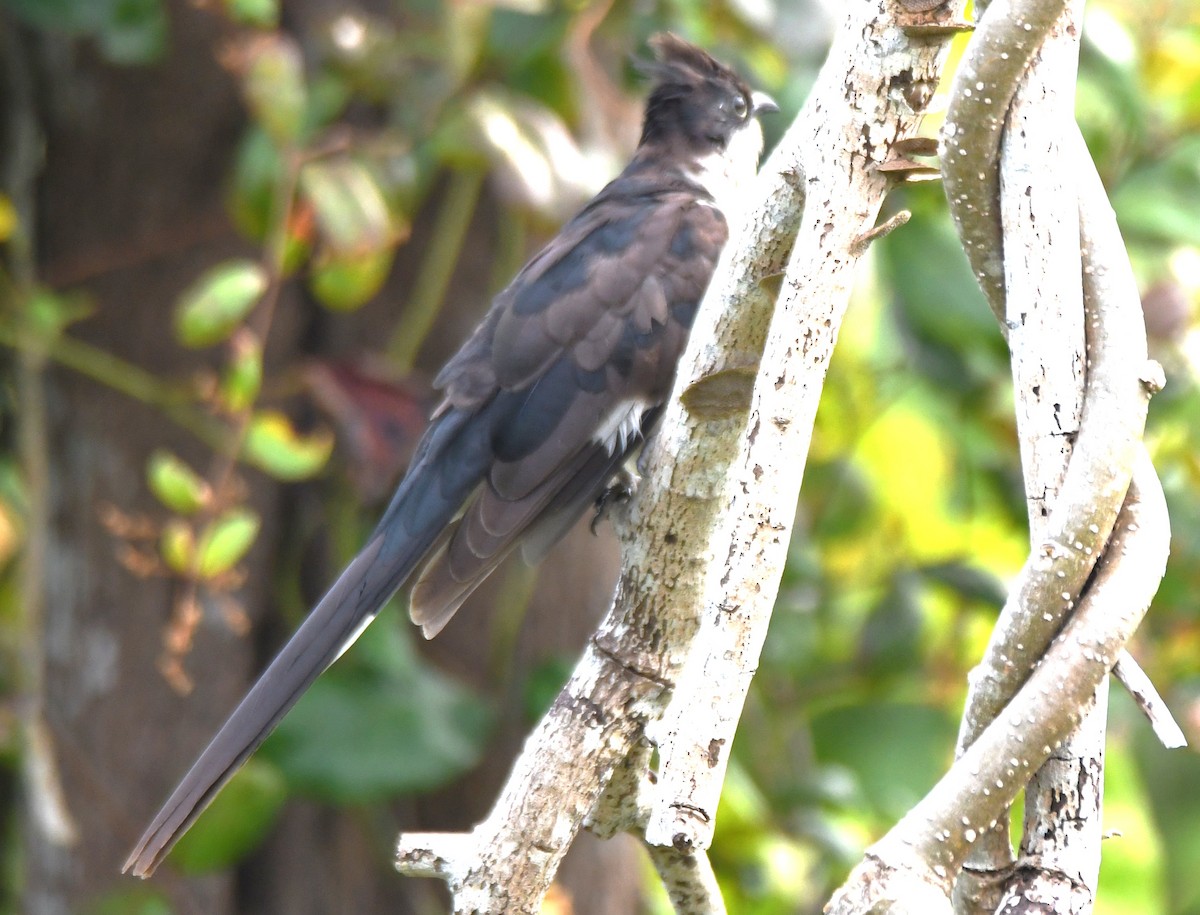 Pied Cuckoo - ML643486526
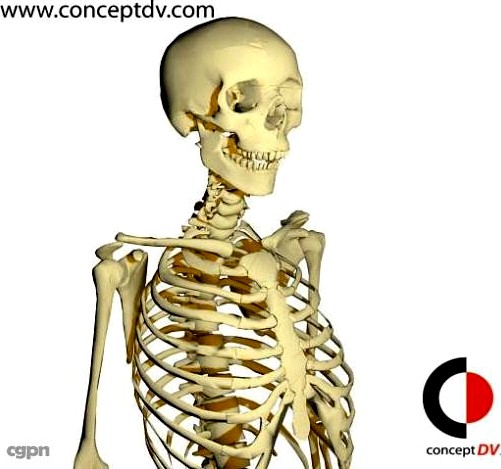 Human Skeleton3d model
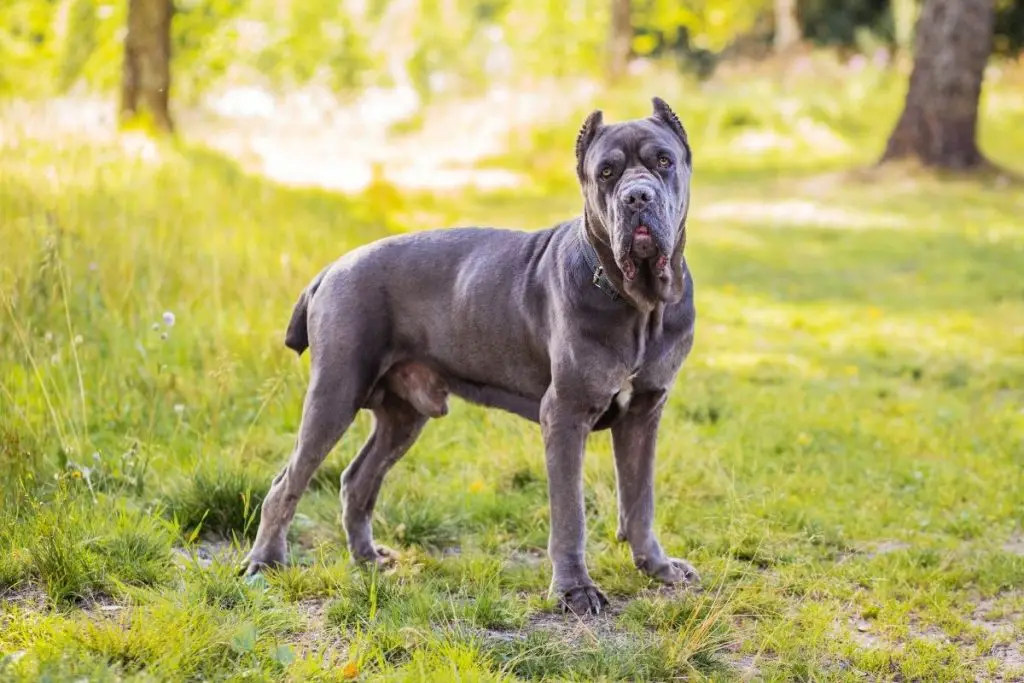 20 World's Strongest Dog Breeds (Pound For Pound) AnimalFate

TASK DETAILS: From the line containing "Human Skeleton3d model" down to the final line of the material above, reproduce each line exactly and include no images.

ANSWER SECTION:
 Human Skeleton3d model
 20 World's Strongest Dog Breeds (Pound For Pound) AnimalFate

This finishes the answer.